Looks Safe to Me

Blue Trail Range is still closed, but the picture in this article shows a rifle’s eye view of the firing line, with a bulldozer building up the berm in the back.  You can’t see much sky there, and I don’t think the baffling there allows enough elevation for a bullet to head over that mountain.  At this point, you’re probably either dealing with people who just hate guns, or hate physics.  One of the two.

4 thoughts on “Looks Safe to Me”

  1. I don’t know, the berm doesn’t look that high to me, and “not much sky” is still sky. The last paragraph in the article makes a compelling point:

    “I was living there for about 16 months and the house was struck three times,” Pat Dinatale, a Durham homeowner, said. “Since the range has been shut down, no one has been struck.”

    Before anyone gets excited, let me say that this is not an unknown problem at public ranges. Some idiot with an elephant gun goes out and can’t figure out why his shots aren’t hitting the target, when he’s actually sending them over the backstop. It could be just one careless person causing the trouble, but I wouldn’t be very happy if someone was putting bullets through my house.
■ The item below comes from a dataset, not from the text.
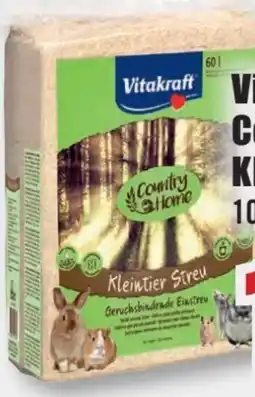 B1 Discount Baumarkt Vitakraft Kleintier-Streu Angebot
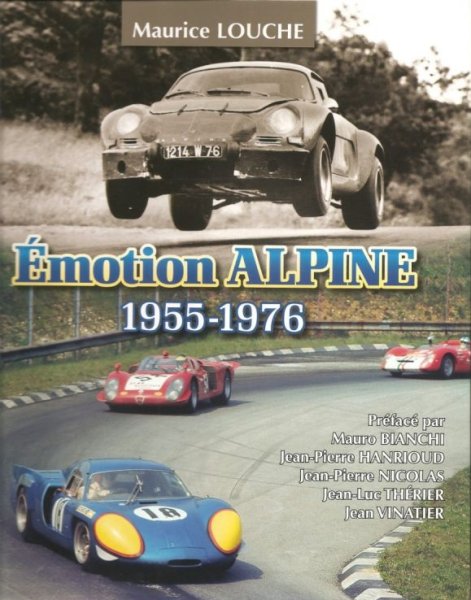 Emotion Alpine — 1955-1976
    Unfortunately, ranges have to make sure their safety efforts keep up with the changing environment. If this were a noise issue, I’d tell the homeowners to get stuffed, the range was there first. But we all know that we’re responsible for every round we shoot, and it is not acceptable to send rounds over the berm into populated areas. The likelihood that multiple rounds hitting houses directly down range are coming from somewhere else is rather small, unless the rate of bullets hitting houses is similar in surrounding areas. I doubt that’s the case. It sucks, but if rounds are getting out of BTR, they need to take steps to stop it. That’s our responsibility as shooters.

  2. Mike,

    I agree if a range is really sending rounds into houses, that’s something that needs to be dealt with by the range. It is possible to prevent such things. However, Dinatale’s home is in the ballistic shadow of the mountain. You can see it flagged on Google Earth. If you run the numbers, even if a round gets over the backstop and over the mountain, it clean misses his house. There’s just no way Blue Trail is sending rounds into his house unless someone is shooting guns into the air at that range.

    It also seems that Dinatale is a developer, who wants to develop land near the range. That could also be a motivating factor in getting it to close down.

  3. When I say “into the air” I mean at a steep angle. That’s pretty much the only way, ballistically, that you can get a round to his house and over the mountain. Even if you were deliberately using plunging fire to get a round to hit his house, I doubt you’d be able to do it.

  4. Peace. I dug a little deeper and I have to agree that this situation smells. The range has been deemed safe by multiple specialists, and those bringing the lawsuits include a land developer and his nephew who conveniently sits on council. All the houses supposedly struck by bullets from the range belong to the developer or contractors who work for the developer. There’s a 500 foot mountain between the range and the houses, which are over a mile distant.